=== EXERCISE DETAILS ===
Look below for the lines from the one with "Small Jolly Old" to the one with "simsearch:400-06735487,k - Surgeon", and copy exactly those lines, both ends included.

--- GIVEN INFORMATION Enclosed Below ---

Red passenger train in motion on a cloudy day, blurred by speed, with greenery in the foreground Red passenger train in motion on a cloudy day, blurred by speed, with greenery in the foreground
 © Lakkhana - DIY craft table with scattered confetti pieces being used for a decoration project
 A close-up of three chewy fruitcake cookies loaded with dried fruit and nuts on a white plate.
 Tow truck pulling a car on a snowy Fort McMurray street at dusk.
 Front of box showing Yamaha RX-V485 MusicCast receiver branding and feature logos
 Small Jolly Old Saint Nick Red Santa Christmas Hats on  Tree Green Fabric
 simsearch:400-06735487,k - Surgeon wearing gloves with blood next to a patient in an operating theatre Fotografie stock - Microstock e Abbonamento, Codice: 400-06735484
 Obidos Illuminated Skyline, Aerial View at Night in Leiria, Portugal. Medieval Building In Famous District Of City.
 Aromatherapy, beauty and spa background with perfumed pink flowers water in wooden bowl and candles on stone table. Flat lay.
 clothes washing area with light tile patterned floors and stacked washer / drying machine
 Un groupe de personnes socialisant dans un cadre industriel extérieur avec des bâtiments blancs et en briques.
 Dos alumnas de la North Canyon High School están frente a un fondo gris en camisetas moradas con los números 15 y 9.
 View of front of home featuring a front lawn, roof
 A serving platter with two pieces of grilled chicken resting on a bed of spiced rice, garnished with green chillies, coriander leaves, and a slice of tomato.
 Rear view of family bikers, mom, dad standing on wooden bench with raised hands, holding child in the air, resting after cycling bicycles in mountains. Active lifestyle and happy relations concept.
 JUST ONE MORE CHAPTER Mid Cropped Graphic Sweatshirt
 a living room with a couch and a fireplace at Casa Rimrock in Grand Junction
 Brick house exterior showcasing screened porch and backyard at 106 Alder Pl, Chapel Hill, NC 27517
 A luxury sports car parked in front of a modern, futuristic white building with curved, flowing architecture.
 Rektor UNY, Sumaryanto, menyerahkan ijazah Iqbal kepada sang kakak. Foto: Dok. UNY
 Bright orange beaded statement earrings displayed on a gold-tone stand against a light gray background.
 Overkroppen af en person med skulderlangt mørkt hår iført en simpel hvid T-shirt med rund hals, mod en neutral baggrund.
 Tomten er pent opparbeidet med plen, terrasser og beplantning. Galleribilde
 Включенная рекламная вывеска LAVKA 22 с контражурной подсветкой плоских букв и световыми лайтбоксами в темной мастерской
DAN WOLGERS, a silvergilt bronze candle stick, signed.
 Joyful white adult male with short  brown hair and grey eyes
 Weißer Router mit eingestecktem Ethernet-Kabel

--- End of Enclosed GIVEN INFORMATION ---

=== SOLUTION ===
 Small Jolly Old Saint Nick Red Santa Christmas Hats on  Tree Green Fabric
 simsearch:400-06735487,k - Surgeon wearing gloves with blood next to a patient in an operating theatre Fotografie stock - Microstock e Abbonamento, Codice: 400-06735484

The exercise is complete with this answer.